Alle wollen Firmen entlasten – aber auf unterschiedlichem Wege
Im Zentrum der Wahlprogramme steht bei allen Parteien außerdem die Wirtschaftspolitik. Die deutsche Wirtschaft dürfte dieses Jahr das zweite Mal in Folge schrumpfen. Um das Wachstum anzukurbeln, wollen FDP und Union die Körperschaft- und Gewerbesteuer senken. Die FDP will die Steuerbelastung gar auf 25 Prozent festschreiben. Das dürfte den Bund, die Länder und Gemeinden, die die Steuern erheben, laut IW 20 Milliarden (Union) sowie 17 Milliarden (FDP) kosten.
Die Parteien links der Mitte wollen stattdessen die Investitionsbedingungen der Unternehmen verbessern.
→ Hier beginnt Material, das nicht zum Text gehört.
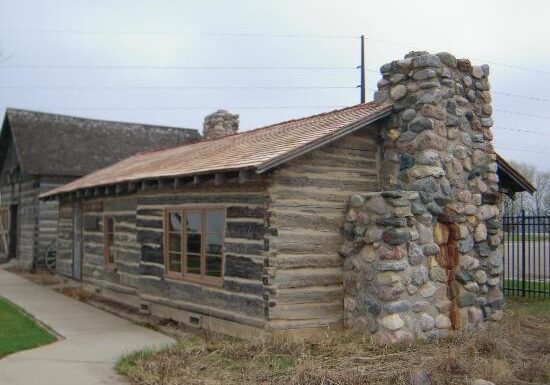 A rustic log cabin with a large stone chimney stands beside a paved sidewalk near the Runestone Museum. The cabin features a wooden exterior, shingled roof, and large windows, with dry grass along its foundation.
So plant die SPD etwa eine Prämie für Investitionen in Maschinen und Geräte. Auch die Grünen wollen eine unbürokratische Investitionsprämie von zehn Prozent für alle Unternehmen und alle Investitionen, mit Ausnahme von Gebäudeinvestitionen, einführen. Die Pläne beider Parteien würden mit rund 20 Milliarden zu Buche schlagen.
An Stromsteuer und Netzentgelte wollen alle Parteien ran. Bei der Modernisierung des Strommarktes schneidet Deutschland im Vergleich zu anderen OECD-Ländern deutlich schlechter ab, wie eine ebenfalls am Dienstag veröffentlichte Studie der Bertelsmann-Stiftung zeigt.
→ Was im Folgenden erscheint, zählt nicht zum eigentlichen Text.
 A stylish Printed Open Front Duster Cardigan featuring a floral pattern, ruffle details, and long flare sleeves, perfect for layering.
Finanzierung bei Union und FDP weitestgehend unklar
„Der Ansatz, die Steuerzahler zu entlasten, ist richtig und überfällig“, sagte IW-Steuerexperte Tobias Hentze. Anreize für mehr Investitionen und Arbeit könnten zu einer stärkeren Wirtschaftsdynamik führen.
Allerdings ist vor allem bei Union und FDP weiter unklar, ob die Pläne überhaupt finanzierbar sind. In den Parteien beteuert man, die Vorhaben seien durchgerechnet und damit realisierbar. Etwa durch Einsparungen beim Bürgergeld. Oder durch den Abbau von Bürokratie und dadurch steigende Steuereinnahmen.
Zahlreiche Ökonomen sind allerdings skeptisch, ob die Pläne wirklich aufgehen. Denn sowohl CDU/CSU als auch FDP wollen die Schuldenbremse nicht antasten. Andere Steuererhöhungen schließen alle drei Parteien ebenfalls aus. Dazu kommt, dass dem IW zufolge fast die Hälfte der Entlastungen bei Ländern und Kommunen anfallen würden. Ob sie Mindereinnahmen in dieser Höhe zustimmen, ist vollkommen offen.